Third, it’s opening night. Forgotten lines are still forgotten. The suspenders of the leading male hang beneath his evening coat. Another fellow tears the shoulder of his coat on the door jam during his entrance. The fellow playing the culprit seems tipsy and carefree. The playwright is in the audience… before slipping on stage to fix a piece of business that a crewman forgot. The players, lost in all the mistakes, make up lines and situations.

This is all quite ridiculous, of course. And on purpose.

Credit the cast for knowing what to do and how in this crazy quilt of muddling. There’s teamwork at every turn.

Alphabetically, Brent Brayko is the desperate director, Frankie Breit is the lordly patriarch, Lucas Brunette is the player who falls in love with his stage partner, Megan Carpenter is the egotistical leading lady, Grace Heine is the high schooler worried about her homework, Erin Hunsader is the inane playwright, Nikolai Kramer is the wiseapple troublemaker, Gus Kroenke is the put-upon backstage guy trying to be two places at once, Mary Spencer is the backstage messer-upper and Raechal Wozniak-Sanford is the forever forgetful player and other half of the love story.

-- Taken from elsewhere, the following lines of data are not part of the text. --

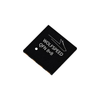 Discrete Semiconductor Products - Diodes - Rectifiers - C6D06065Q-TR - Acme Chip Technology Co., Limited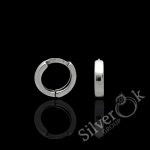 Маленькі сережки конго 23153/12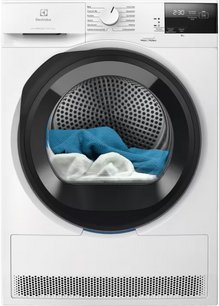 Сушильная машина Electrolux EW6D285YP фото в Казани и Татарстане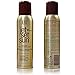 JET SET SUN Instant Self Tanning Mist 5.3oz (150ml)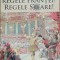 Sunt Regele Frantei Regele Soare - Vintila Corbul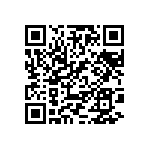 TVP00DZ-11-19P-P2AD QRCode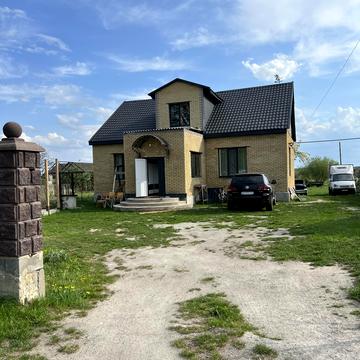 Островського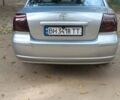 Серый Тойота Авенсис, объемом двигателя 1.8 л и пробегом 250 тыс. км за 6300 $, фото 1 на Automoto.ua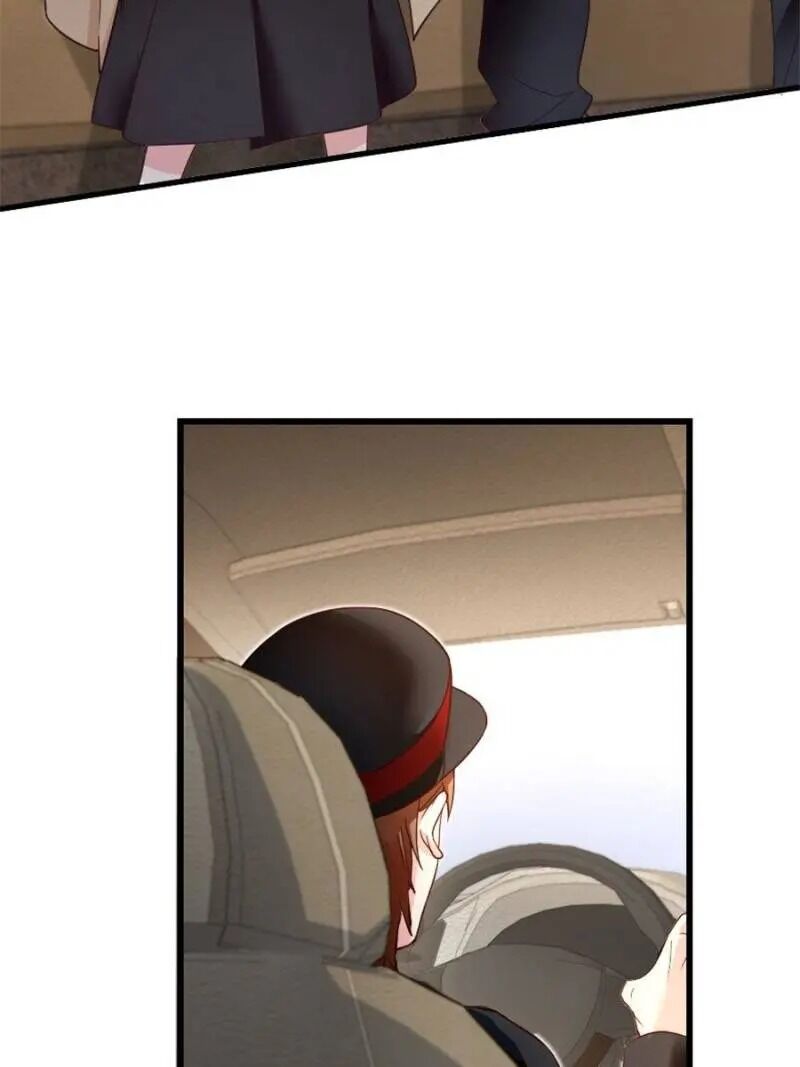 Page 49 of Chapter 174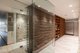 Photo - 23 Robertson Place, Watsons Bay NSW 2030 - Image 6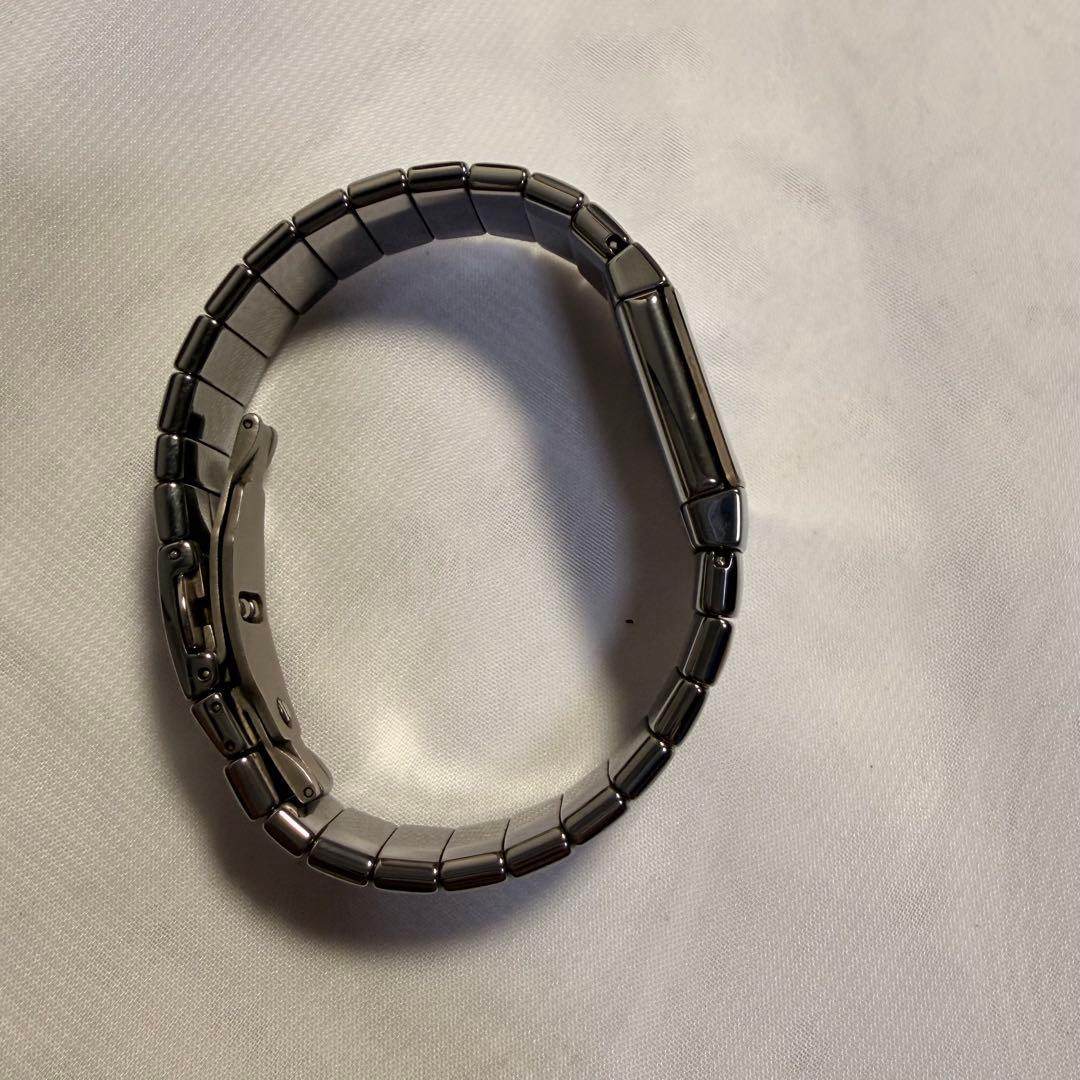 RADO ラドー　レディース腕時計　DIA STAR 【送料無料】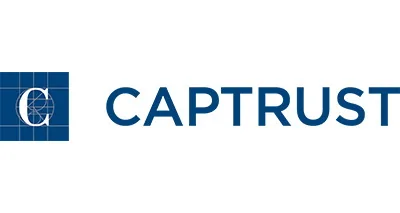 Capfinancial Partners, LLC logo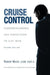 Cruise Control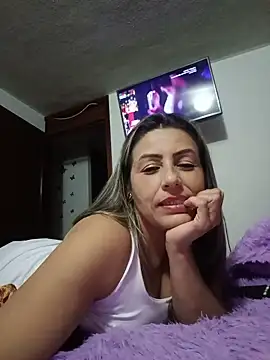 maynor_1998's Webcam Show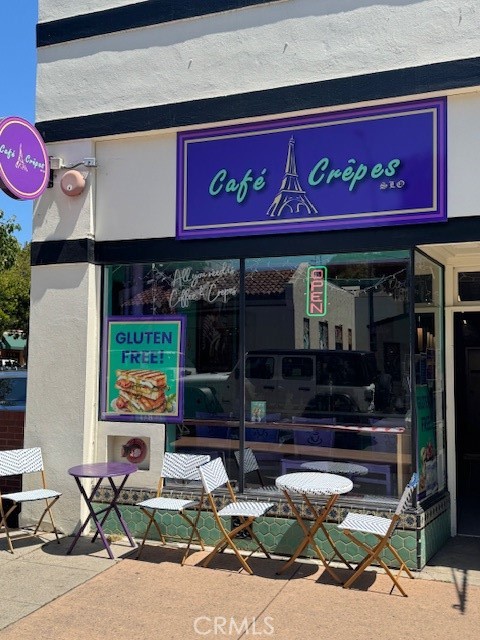 MLS #PI25148135 image #0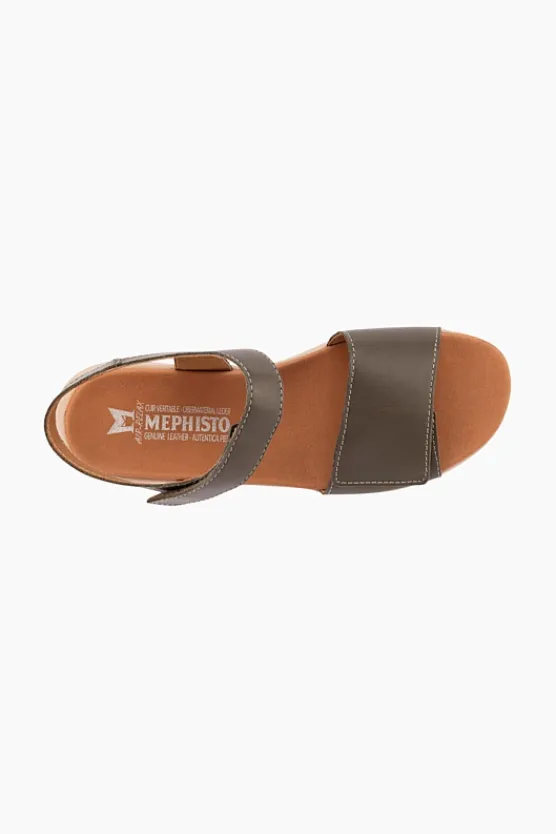 Mephisto Talissa New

These descriptions are embarrassingly shallow, given all the effort each player has put into his or her role. There’s a lot of color all around.

Now, a couple of by-the-ways:

The play has been updated over time. The present form includes the backstage crewperson using a computer tablet to cue effects. Rick Abbot died in 1992, prior to the existence of tablets.

“Murder Most Foul” is a real title. Bob Dylan song title aside, it was used in one of a series of delightful movies from the 1960s starring Margaret Rutherford as the Agatha Christy character Miss Marple.


Running time: Two hours, 22 minutes

Remaining performances: 7:30 p.m. May 19-21; 2 p.m. May 22


Creative: Playwright – Rick Abbot; director – Mike Ajango; assistant director – Rochelle Van Erem; stage manager – Madelyn Glosny; costume designer – Janet Ajango; lighting designer – Jack Rhyner; sound designer/operator – Tony Brunette; set designer – Warren Elliott; set dresser – Rochelle Van Erem; master carpenter – Warren Elliott; property master – Judy Patefield; hair/make-up designer – Lois Gegare; production coordinator – Jeremy Pelegrin

Cast (in order of appearance):

Al Manville – Gus Kroenke

Jerry Dunbar – Brent Brayko

Henry Benish (Lord Dudley) – Frankie Breit

Polly Benish (Lady Margaret) – Megan Carpenter

Marla “Smitty” Smith (Doris, the Maid) – Grace Heine

Saul Watson (Dr. Rex Forbes) – Nikolai Kramer

Billy Carewe (Stephen Sellers) – Lucas Brunette

Violet Imbry (Diana Lassiter) – Raechal Wozniak-Sanford

Loise Peary – Mary Spencer

Phyllis Montague – Erin Hunsader


THE VENUE: The 190-seat Neil and Mary Webb Memorial Theatre is the smaller of two theaters in St. Norbert College’s Abbot Pennings Hall of Fine Arts. The space has an amphitheater feel with its sloped seating area. The stage is one-of-a-kind thrust stage, meaning it “thrusts” into the audience space. A traditional proscenium stage has a flat front and usually has curtains. A trust stage rarely uses curtains. People in front rows can practically reach out and touch performers when the performers are on the stage lip. Any seat in the theater is close to the action.

THE PEOPLE: Neil and Mary Webb were husband and wife. Neil Webb was president of St. Norbert College from 1973 to 1983. He earlier headed the St. Norbert psychology department. He left academics for a while before becoming president of Dominican College in California. In December 1987, Neil and Mary Webb died in an airplane crash in California in an act of sabotage by a disgruntled employee of the airline. That was shortly before the Hall of Fine Arts was to be remodeled with a small theater in the plans. Neil Webb had many friends in the greater Green Bay community and had the reputation, so his name was used to raise funds for the theater.